As you can see, the second thread has locked a monitor on which the first one is waiting. I'm not sure this is a problem, but is strange I guess and may be a deadlock that is the reason for the trouble I have. This happens both with the APR endpoint and with the Nio one (when I'm using our site over HTTPS or over HTTP).
Comment 2 Mark Thomas 2019-03-01 12:15:48 UTC
I've been looking at the full thread dump (https://github.com/cometd/cometd/files/2779329/threads.zip) which which the two threads mentioned above have been extracted.

Thread #206 is blocked by thread #203. That looks normal. Tomcat uses per socket locks to ensure two threads don't try to access the same socket at the same time.

So why is thread #203 blocked? It has made a call into org.cometd.websocket.server.WebSocketEndPoint.onMessage() that has not returned.

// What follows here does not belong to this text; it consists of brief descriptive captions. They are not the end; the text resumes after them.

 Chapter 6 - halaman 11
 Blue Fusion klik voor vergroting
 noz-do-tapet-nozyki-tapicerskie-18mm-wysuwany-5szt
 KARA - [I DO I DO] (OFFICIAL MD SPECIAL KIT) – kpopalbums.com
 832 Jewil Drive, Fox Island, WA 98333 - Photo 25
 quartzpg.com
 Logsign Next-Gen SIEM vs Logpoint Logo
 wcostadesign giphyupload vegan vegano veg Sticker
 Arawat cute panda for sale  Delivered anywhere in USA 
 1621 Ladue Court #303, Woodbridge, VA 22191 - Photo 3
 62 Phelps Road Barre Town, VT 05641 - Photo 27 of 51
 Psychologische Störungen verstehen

It is waiting for a call to CompletableFuture.get() to return.

I've looked through the thread dump and I can't find:
- any reference to either the condition or the lock that thread #203 is waiting for;
- any code that looks like it might be doing some processing with a view to calling succeed() or fail() on that Promise.

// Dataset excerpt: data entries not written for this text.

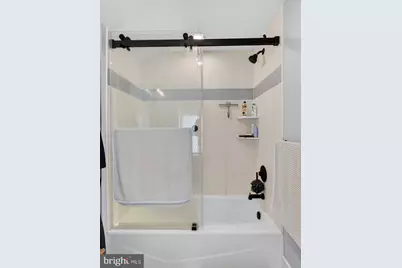 412 Kings Highway, Lewes, DE 19958 - Photo 21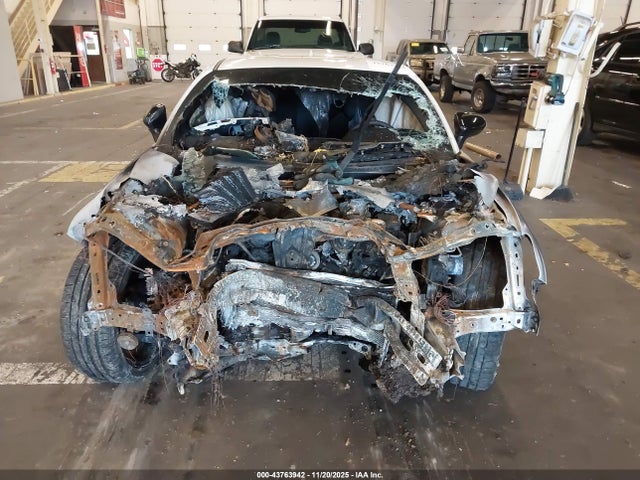JF1ZNBE17S9754393 Toyota Gr86 Premium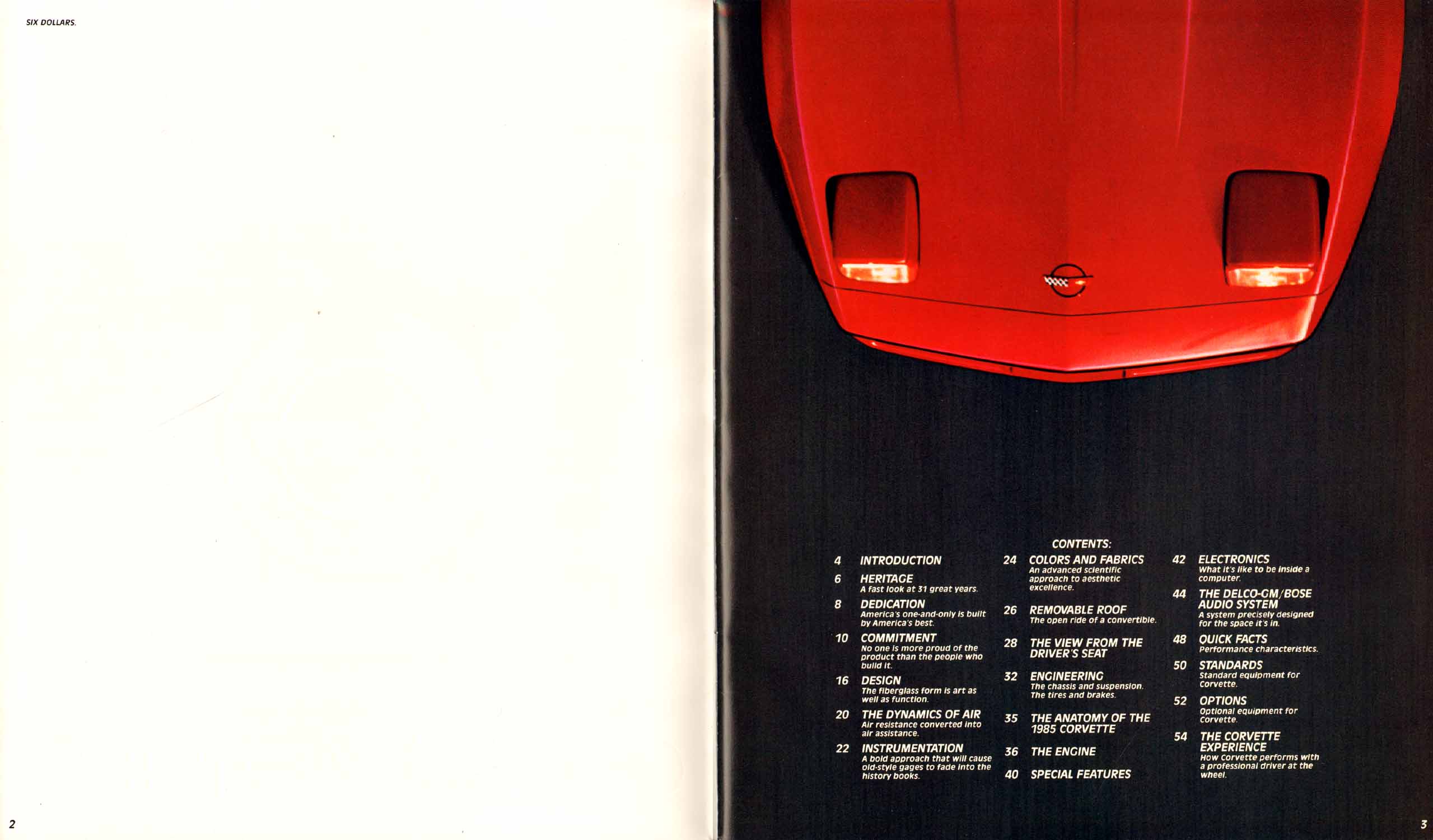 1985_Chevrolet_Corvette-02-03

The Promise.Completable is used here:
https://github.com/cometd/cometd/blob/4.0.x/cometd-java/cometd-java-websocket/cometd-java-websocket-javax-server/src/main/java/org/cometd/websocket/server/WebSocketEndPoint.java#L62

I don't see anywhere where that call to onMessage could result in either succeed() or fail() not being called on the Promise but that is what the stack trace suggests is happening and I am not at all familiar with the CometD code so I might be missing something.


I also note that the original description makes reference to calling wsSession.getAsyncRemote().sendText(...) and that not returning but I don't see any evidence of that call in the stack trace either.

At the moment, I'm not sure where the root cause lies but I am not seeing any evidence that suggests that this is a Tomcat bug.
Comment 3 Boris Petrov 2019-03-01 20:16:47 UTC
Thank you for the detailed answer.

I'll start with the end of your message.

In the GitHub issue I answered a couple of days ago with the following message:

I downgraded to CometD 3.1.8 and the problem goes away. CometD 4 introduced async methods for authorization and some other things which I guess use the async IO implementation of Tomcat. What I think happens is that Tomcat 9 (all versions) have a deadlock in their code. CometD 3 uses synchronous IO which works correctly in Tomcat and that's why it works fine. Does that make sense?

The same question I ask to you - does what I wrote there make sense? Is it possible that something like that happens? Is that consistent with everything you've read from my posts? Is it consistent with these stacktraces that you see?

wsSession.getAsyncRemote().sendText(...) - you will not see this in the stacktraces because that's an asynchronous call - the original thread called this method and then continued on. What happens inside it is probably in another thread which could be one of the two that are blocked, not sure. The evidence about this is the println's that I've put and pasted in the GitHub issue.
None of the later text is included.